Around my house the word "diet' is not allowed.
And for good reason. I have abused it, beat it up, massaged it, worn it out.
So my new phrase for 2007 is "meal plan". It seems easier to digest than "diet", don;t you think?
It really isn't that I am so fat (no comments, please) but more that I am getting old-ER (I hear the hearty "amens"). The older I get the less excited I am about expending energy to carry this extra weight around.
And then there is the issue of exercise. I pretty much took a "sabbatical" (almost gives nobility to my failure) from working out, walking and sports due to the challenging and time-consuming project last year of helping to build our new facilities.
A new plan is what I have decided upon--complete with an exercise program, special parameters for eatin, and a menu that addresses my specific health concerns. I am in the second week of doing this and already I am feeling energized and I am even losing weight.
How about a new spiritual exercise program and "meal plan"? I am looking at that as well, seeking to incorporate the same disciplines in my spiritual life that I am attempting in my physical life. Here are some examples.
*Joining a health club for exercise, self-coercion (if I spend this money, I have to justify the expense by using this)

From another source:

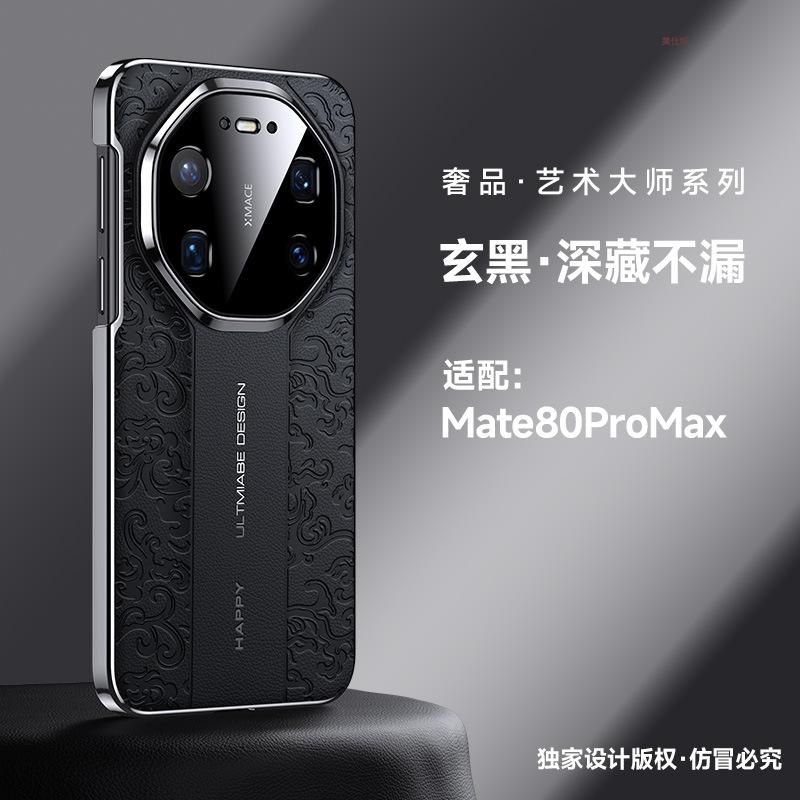 Applicable to Huawei mate80promax mobile phone case electroplating 80por extraordinary master 80rs anti-drop 80pro leather case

*Establishing accountability partners (sharing my areas of vulnerability with a buddy and asking him to check on how well I am doing)
*Pursuing daily prayer with my mate (if I verbalize my needs in prayer, my wife will know where I need God's help)
*Sharing in a Bible study with others (if I have to set aside time to go, I will make it a priority)
*Investing in someone else's spiritual growth (if I sense a friend's need, I am compelled to respond as a disciple)
All of the above things are on my new meal plan for the year. These are not necessarily new things, but they are components of the discipline I know is essential if I am going to be spiritually healthy. I find that these are things that energize my relationship with God and enable me to act out my faith with greater excitement.
I don't want to carry the weight of self-indulgence around as a believer, nor do I want to become sedentary about sharing my faith. It is easy to miss these things until one day you take a good look at yourself in the mirror of God's Word and you say, "What's happening to me? I am getting fat and lazy!"
It's time for a new meal plan for me; how about you?